Caption-style text data:
========================
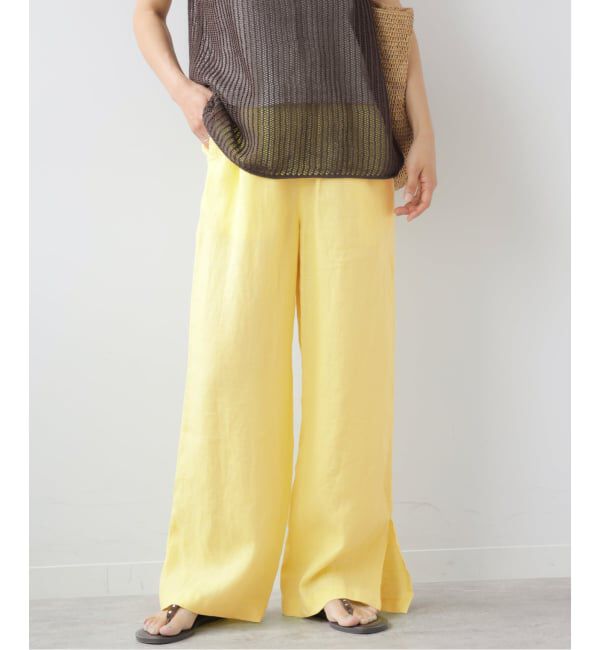 JOURNAL STANDARD relume「《一部WEB限定追加7》麻スリットイージーパンツ」|その他|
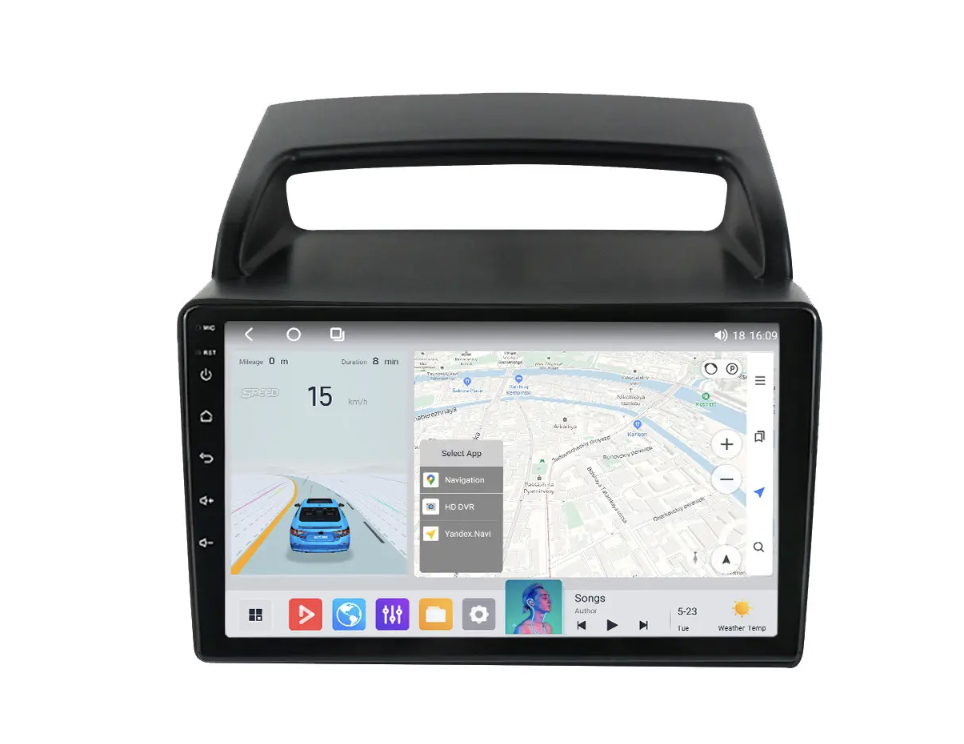 Магнітола для Kia Carnival VQ 2006-2016 (4/64 ГБ) на Android | QLED-екран, GPS, Bluetooth та 4G
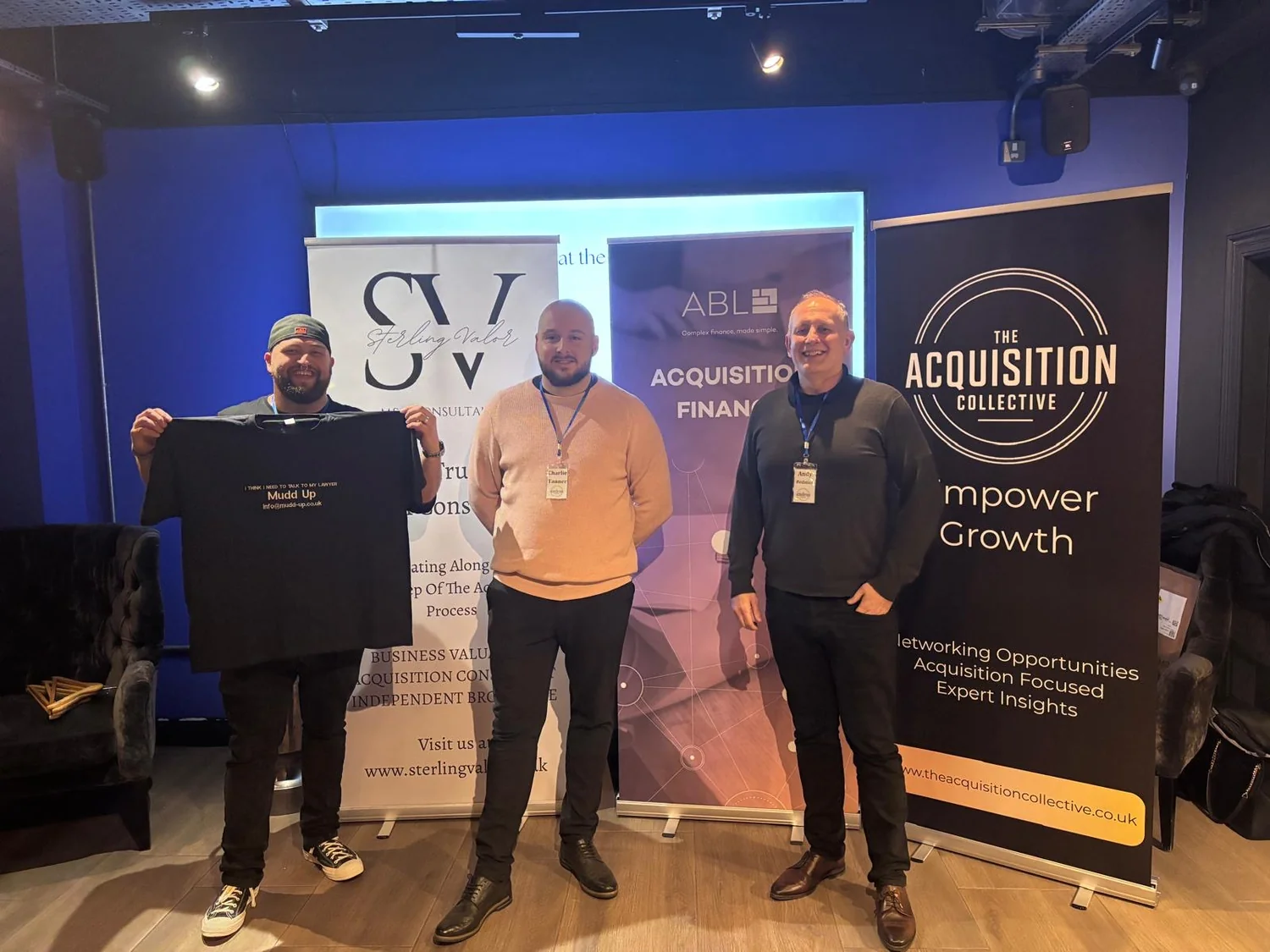 TAC visitors and organisers together at a live event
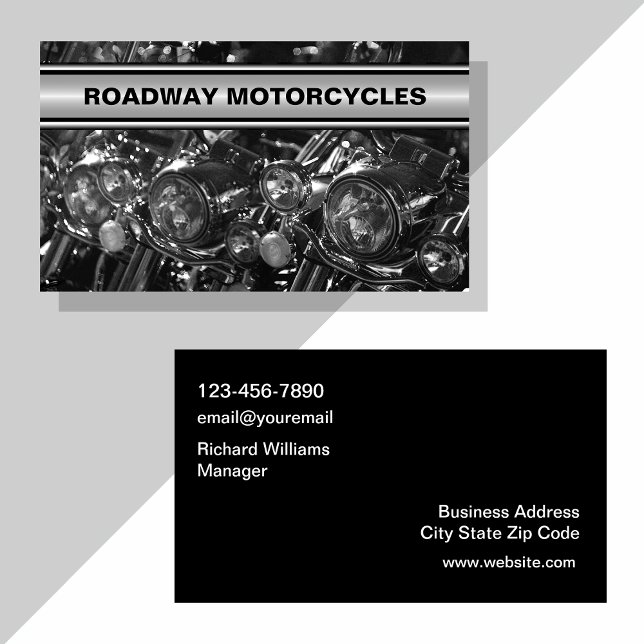 Cartes de visite thème moto cool (Créateur téléchargé)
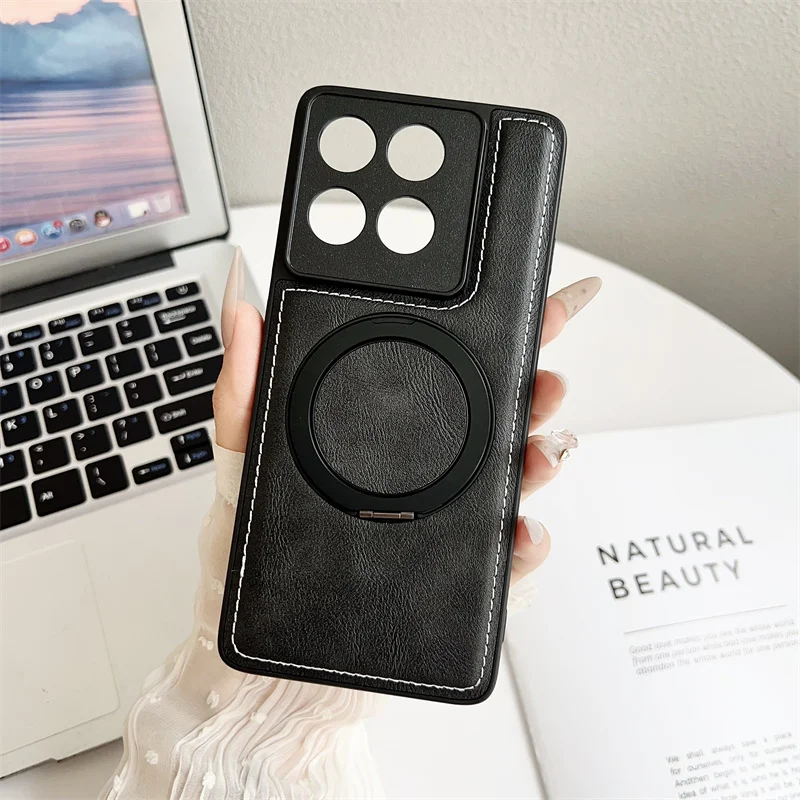 360-Degree Magnetic Stand Case with Rotating Feature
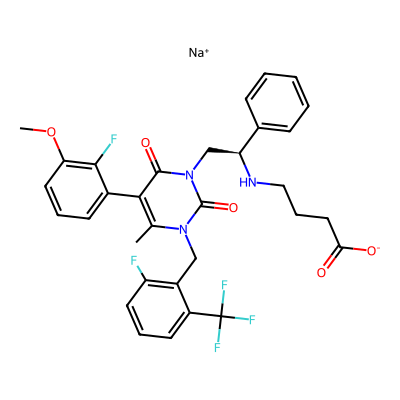 Chemical structure of Elagolix Sodium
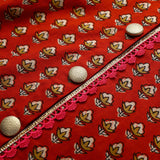Red & Off-White Pure Cotton Kurta Dhoti Set for Baby Boys - BYB PREMIUM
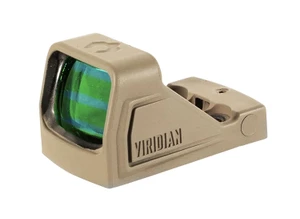Viridian 9810142 RFX11  Flat Dark Earth 1 x 16 mm x 22 mm 3 MOA Green Dot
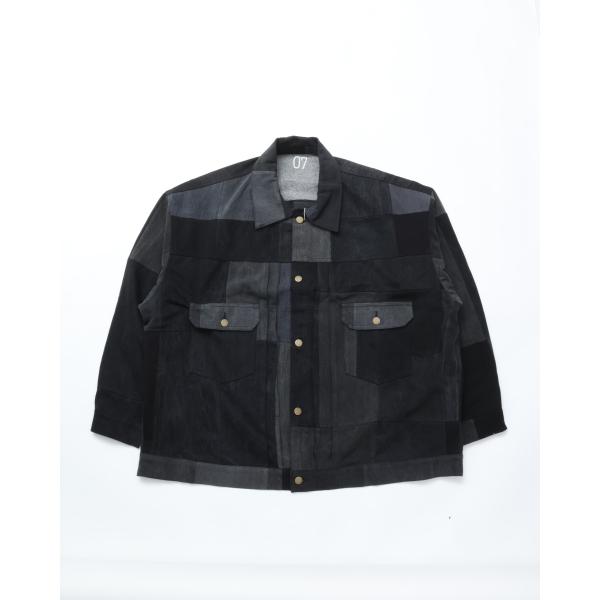 Sillage / trucker jacket black denim seven　シアージ ジャ...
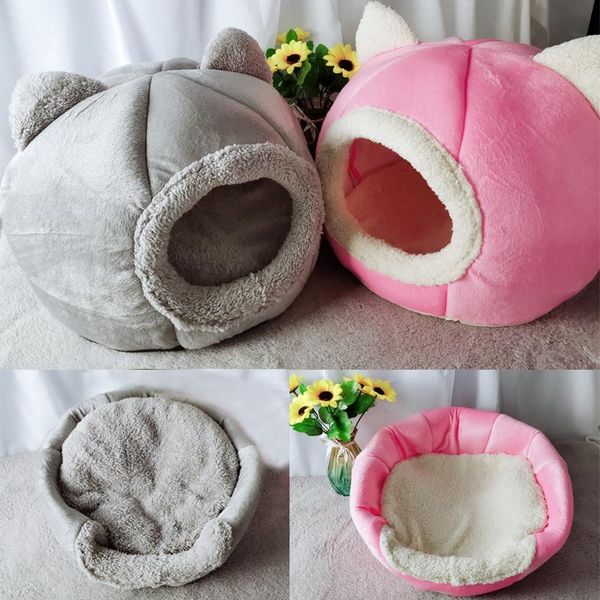 foldable cat cave tent house kennel removable sleeping pad soft nest for kitten cozy indoor bed cama gato beds & furniture
foldable cat cave tent house kennel removable sleeping pad soft nest for kitten cozy indoor bed cama gato beds & furniture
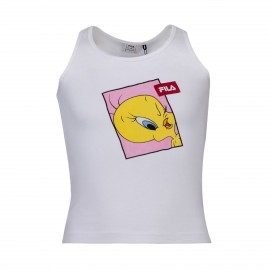 Fila Lachen WB Tweety Παιδικη Αμανικη Μπλουζα Λευκη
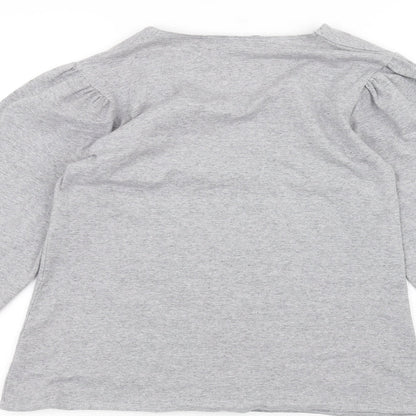 warmspun Womens Grey   Pullover Jumper Size S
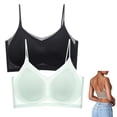 thumbnail image 1 of WILLBEST Brasier De Algodon Sujetador De Mujer Con Hebilla Frontal Y Borde De Encaje Sin Aro De Acero, Ajuste Sin Costuras, Para Yoga, Dormir, Talla Grande 855, 1 of 2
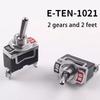 E-Ten1021 Auto Toggle Switch Boat Marine Heavy Duty Toggle Flick Switch W/ Waterproof Cover On/Off Car Dash Metal Spst Terminal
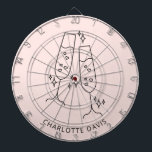 Roséguld flöjt glas skål namn fest darttavla<br><div class="desc">En roséguld bakgrund.  Personliggör och lägg till ett namn.   Dekorerad med ett par flöjter,  glas.</div>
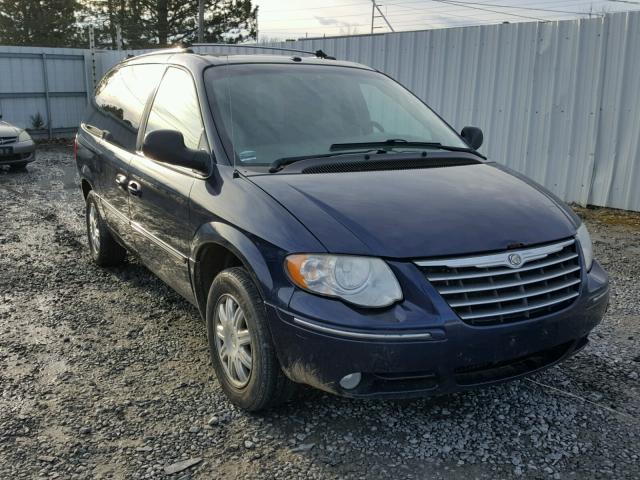 2A8GP64L86R695028 - 2006 CHRYSLER TOWN & COU BLUE photo 1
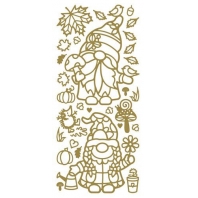 JEJE Peel - off stickers Gnome - Goud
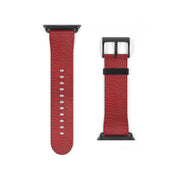 Luxury Look Red Crocodile Watch Band Compatible With Apple Watch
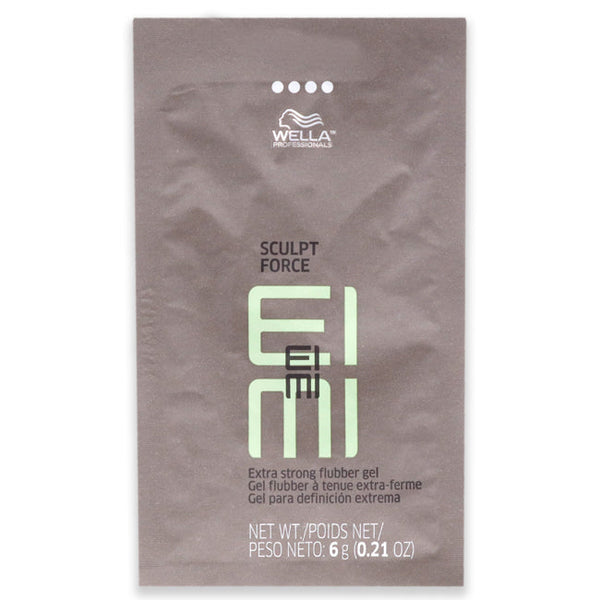 Wella EIMI Sculpt Force Extra Strong Flubber Gel by Wella for Unisex - 0.21 oz Gel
========================
_ABOUT THIS TASK_: Would you please print out all the records above exactly, minus any pictures?

_TASK RESPONSE_:
 JOURNAL STANDARD relume「《一部WEB限定追加7》麻スリットイージーパンツ」|その他|
 Магнітола для Kia Carnival VQ 2006-2016 (4/64 ГБ) на Android | QLED-екран, GPS, Bluetooth та 4G
 TAC visitors and organisers together at a live event
 Cartes de visite thème moto cool (Créateur téléchargé)
 360-Degree Magnetic Stand Case with Rotating Feature
 Chemical structure of Elagolix Sodium
Red & Off-White Pure Cotton Kurta Dhoti Set for Baby Boys - BYB PREMIUM
Viridian 9810142 RFX11  Flat Dark Earth 1 x 16 mm x 22 mm 3 MOA Green Dot
 Sillage / trucker jacket black denim seven　シアージ ジャ...
 foldable cat cave tent house kennel removable sleeping pad soft nest for kitten cozy indoor bed cama gato beds & furniture
foldable cat cave tent house kennel removable sleeping pad soft nest for kitten cozy indoor bed cama gato beds & furniture
 Fila Lachen WB Tweety Παιδικη Αμανικη Μπλουζα Λευκη
 warmspun Womens Grey   Pullover Jumper Size S
 thumbnail image 1 of WILLBEST Brasier De Algodon Sujetador De Mujer Con Hebilla Frontal Y Borde De Encaje Sin Aro De Acero, Ajuste Sin Costuras, Para Yoga, Dormir, Talla Grande 855, 1 of 2
 E-Ten1021 Auto Toggle Switch Boat Marine Heavy Duty Toggle Flick Switch W/ Waterproof Cover On/Off Car Dash Metal Spst Terminal
 Roséguld flöjt glas skål namn fest darttavla<br><div class="desc">En roséguld bakgrund.  Personliggör och lägg till ett namn.   Dekorerad med ett par flöjter,  glas.</div>
 2A8GP64L86R695028 - 2006 CHRYSLER TOWN & COU BLUE photo 1
 JEJE Peel - off stickers Gnome - Goud
 Luxury Look Red Crocodile Watch Band Compatible With Apple Watch
 Wella EIMI Sculpt Force Extra Strong Flubber Gel by Wella for Unisex - 0.21 oz Gel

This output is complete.